The team behind GNOME OS is addressing these issues. The first thing they’re working on in something they’ve preliminarily call Test Center, which makes it much easier to install nightly releases of Flatpaks alongside their regular versions. This is something you can already do today, but the flow is cumbersome and not exactly user-friendly; with Test Center, developers will be able to share a direct link to install test releases.
They intend to use this same Test Center for testing system components:
Our idea here is to use the same “Test Center” app mentioned above for installing and managing experiments at the system level as well. Similar to Flatpak bundles generated in CI, we generate system extension images (sysext) for every merge request. You can install experiments from a sharing link, and they will apply as a sysext over your existing system. Because those images are non-destructive overlays, you can always go back to the original system.
↫ Jordan, Jonas, and Tobias
The last and final issue is that of command-line tools, something Flatpak is simply not designed for. On this front, the GNOME OS team states they are working on a solution as well, but they’re not quite ready to go into much more detail at this point.
Regardless, these are very welcome improvements.

Honestly, Flatpak is pretty close if they weren’t actively refusing to support the use-case.
With the script I wrote to produce/update launchers with proper, tab-completion-friendly names that wrap the –file-forwarding option, the main thing that I notice is the lack of MPV’s manpage.
https://gist.github.com/ssokolow/db565fd8a82d6002baada946adb81f68
Yep, this is the one, albeit pretty huge, oversight of Flatpak in comparison to Snap, which was designed with CLI in mind from day one.
Also what irritates me are the multiple gigabytes’ worth of multiple versions of shared framework libraries that constantly ask to be updated. I don’t really get why new versions of Flatpaks apparently insist on changing minor versions of their dependencies all the time, apparently remaining on old versions, just slightly newer updates of said old versions. Thus my system is littered with 5 copies each of giant meta packages like the Freedesktop Platform and Freedesktop SDK each version half a gigabyte in itself. I know this is a “feature” of Flatpak but in practice it’s just so much more unnecessary-seeming churn.
Moochman,
This is the conundrum. The repos solve this by having centralized maintainers doing the work to consolidate software libraries. Flatpaks cannot automatically determine compatibility though. At best they’d have fallible heuristics. Expecting publishers to coordinate on their own just isn’t realistic because different software developers have radically different schedules for upgrading library versions. Some stick to bleeding edge libraries while others stick with stable libraries forever. Repos need maintainers to do the hard job of strictly enforcing library versions, but none of this happens with flatpak. We might consider fixing it by hiring staff to essentially replicate what the repos do except with flatpak. However part of the goal with flatpak was to avoid this work. I don’t see any easy fix.

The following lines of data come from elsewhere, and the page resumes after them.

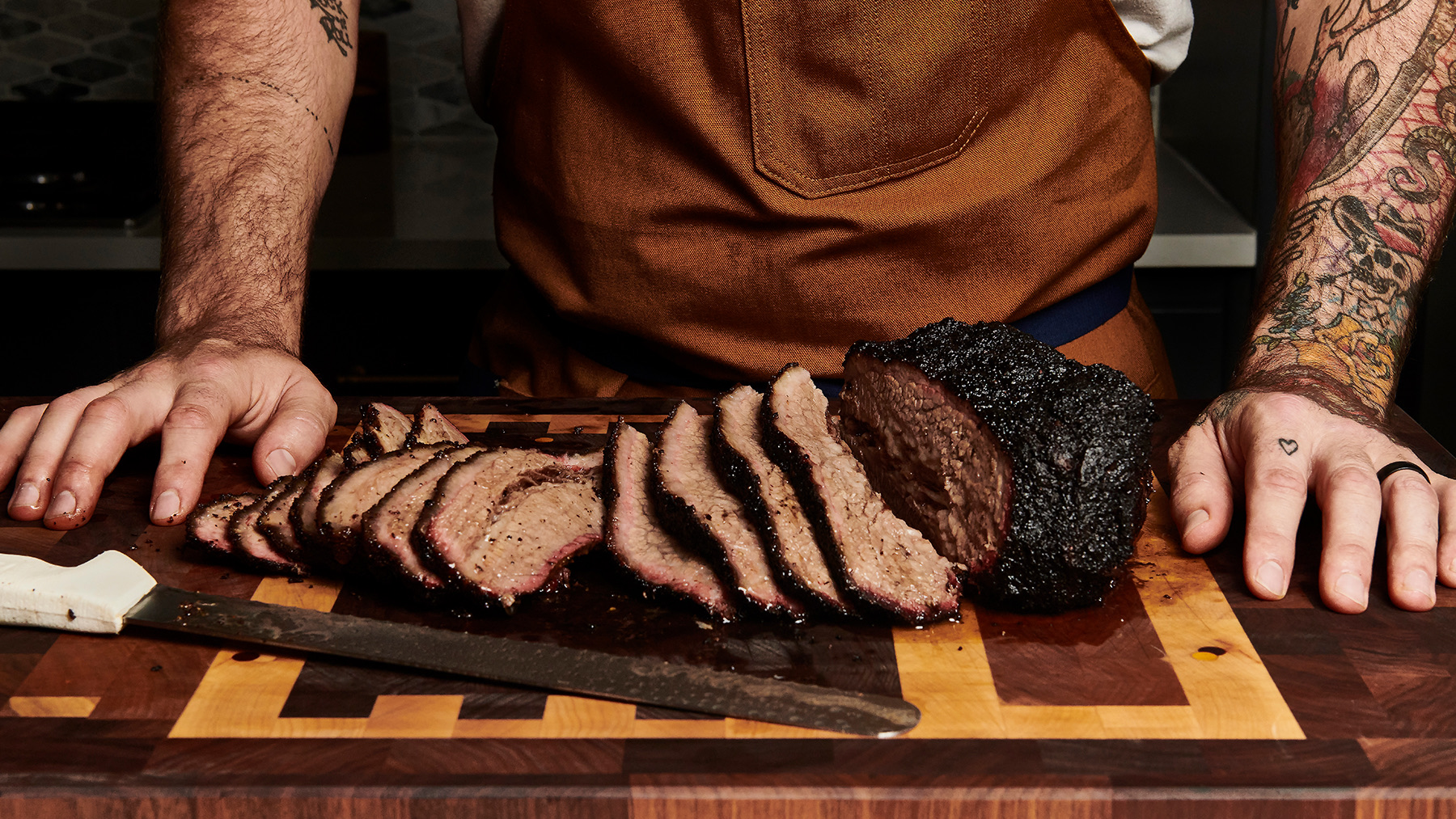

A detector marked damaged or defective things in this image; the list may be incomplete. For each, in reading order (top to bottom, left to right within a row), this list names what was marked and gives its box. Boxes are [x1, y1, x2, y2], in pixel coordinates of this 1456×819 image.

charred brisket end [186, 492, 260, 556]
charred brisket end [226, 472, 309, 576]
charred brisket end [259, 459, 322, 563]
charred brisket end [290, 450, 346, 566]
charred brisket end [315, 440, 453, 569]
charred brisket end [359, 443, 482, 598]
charred brisket end [406, 403, 469, 446]
charred brisket end [413, 446, 599, 608]
charred brisket end [605, 420, 741, 621]
charred brisket end [654, 399, 802, 618]
charred brisket end [715, 385, 854, 614]
charred brisket end [757, 364, 964, 627]
charred brisket end [835, 320, 1152, 614]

Hypothetically AI agents could test and patch thousands of flatpak packages so they can share the same libraries, but even if it worked it still wouldn’t make everyone happy.

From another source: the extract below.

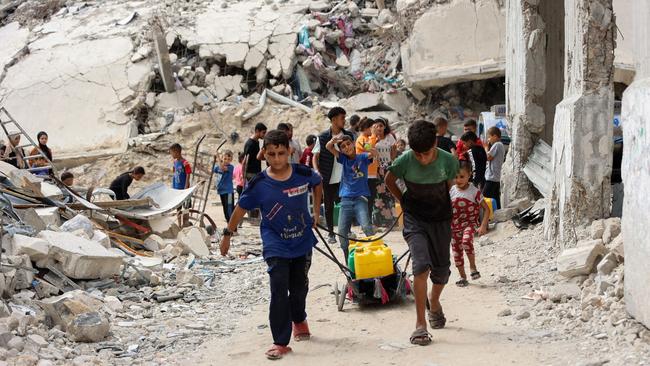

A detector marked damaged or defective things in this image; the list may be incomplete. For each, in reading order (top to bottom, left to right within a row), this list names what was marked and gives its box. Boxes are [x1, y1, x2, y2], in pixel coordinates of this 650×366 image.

I was just looking into immutable Linux variants. If anyone wants to experiment in this area, Fedora Atomic Desktops offers five options with different desktop environments: https://fedoraproject.org/atomic-desktops/
You might also consider Bazzite (https://bazzite.gg/), a gaming-focused immutable distribution built on Fedora Atomic.
I’ve been on Bazzite for a while now, and the immutable nature of it has solved MANY long standing problems I’ve had with Linux in general, including update corruption, config mismatch on update, etc. It’s a little harder to mess about with some developer-ish stuff, when you need to actually install some system level things, but for the most part, this is just a better way to organize the system, in my strong opinion.